-- RECORDED INFORMATION follows --
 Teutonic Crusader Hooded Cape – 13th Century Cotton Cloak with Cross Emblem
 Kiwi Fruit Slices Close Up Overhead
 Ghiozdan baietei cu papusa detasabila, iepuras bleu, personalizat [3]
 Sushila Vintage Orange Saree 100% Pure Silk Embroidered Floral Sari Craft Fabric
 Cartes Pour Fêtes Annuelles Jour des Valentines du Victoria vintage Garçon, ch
-- RECORDED INFORMATION concluded --
TASK STATEMENT -> Each line from the one containing "Kiwi Fruit Slices Close Up Overhead" to the end of the entries above should be copied exactly, and no other line.

RESPONSE AREA ->
 Kiwi Fruit Slices Close Up Overhead
 Ghiozdan baietei cu papusa detasabila, iepuras bleu, personalizat [3]
 Sushila Vintage Orange Saree 100% Pure Silk Embroidered Floral Sari Craft Fabric
 Cartes Pour Fêtes Annuelles Jour des Valentines du Victoria vintage Garçon, ch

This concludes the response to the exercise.